:: Exercise ::
Using the data below, find how many lines include the word "https" and report that figure alone.

(Beginning of Dataset entries)

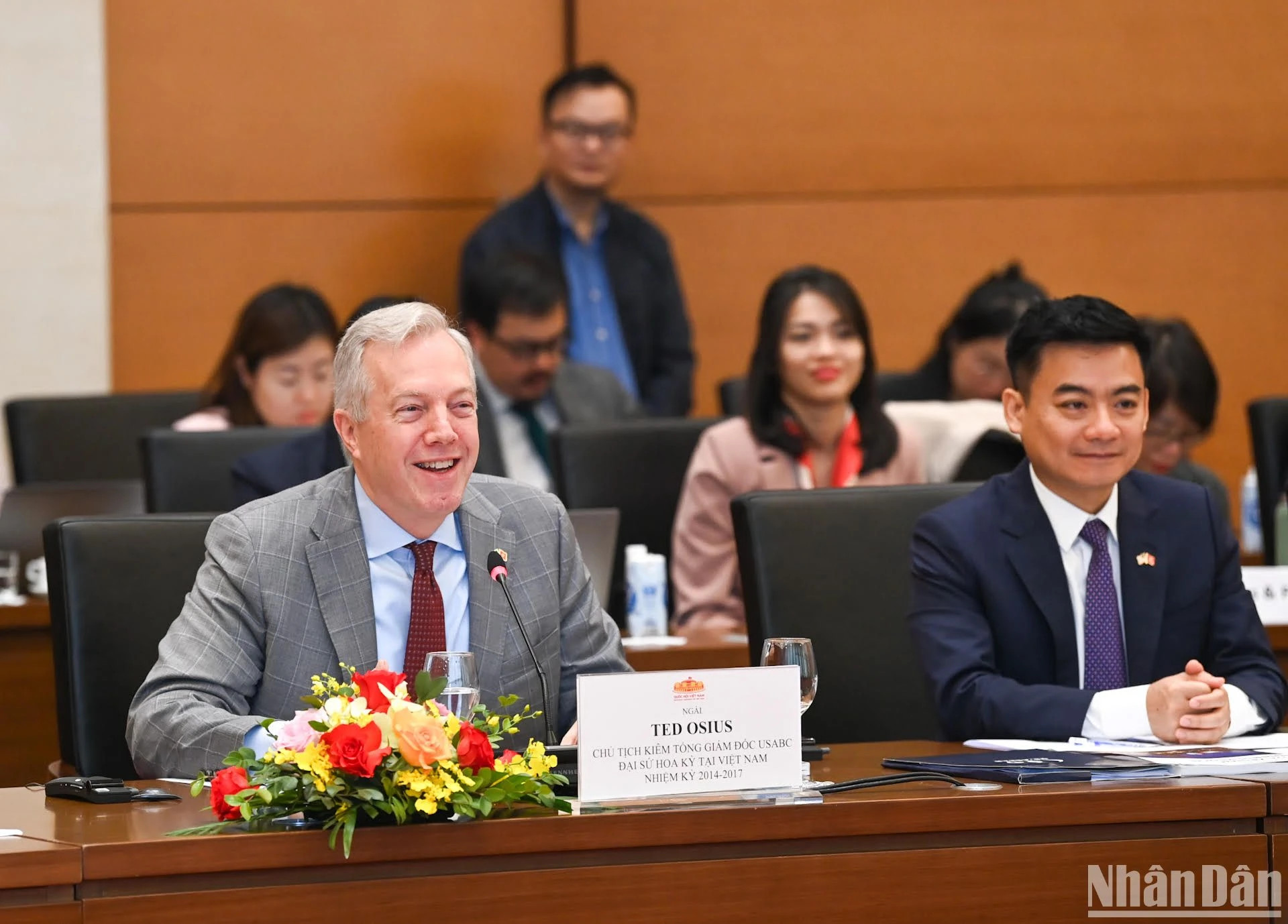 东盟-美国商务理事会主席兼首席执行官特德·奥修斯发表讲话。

(End of Dataset entries)
(Beginning of Dataset entries)

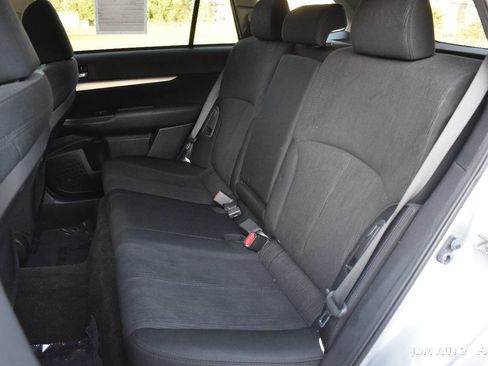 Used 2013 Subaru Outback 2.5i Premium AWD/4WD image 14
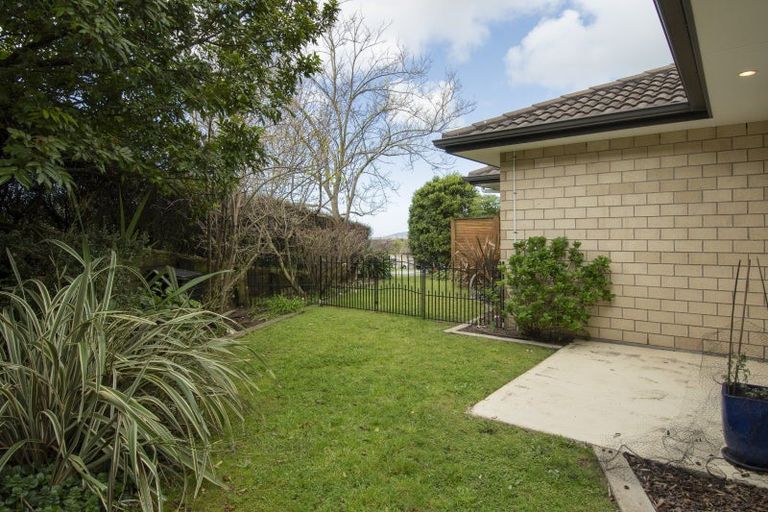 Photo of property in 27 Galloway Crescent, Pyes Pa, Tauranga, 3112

(End of Dataset entries)
(Beginning of Dataset entries)

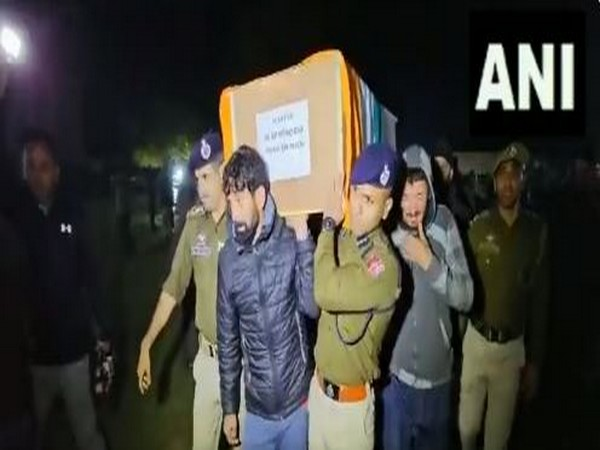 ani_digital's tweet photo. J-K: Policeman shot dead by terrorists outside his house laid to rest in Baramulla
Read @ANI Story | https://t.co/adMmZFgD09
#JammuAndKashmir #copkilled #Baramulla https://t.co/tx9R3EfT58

(End of Dataset entries)

:: Answer area ::
2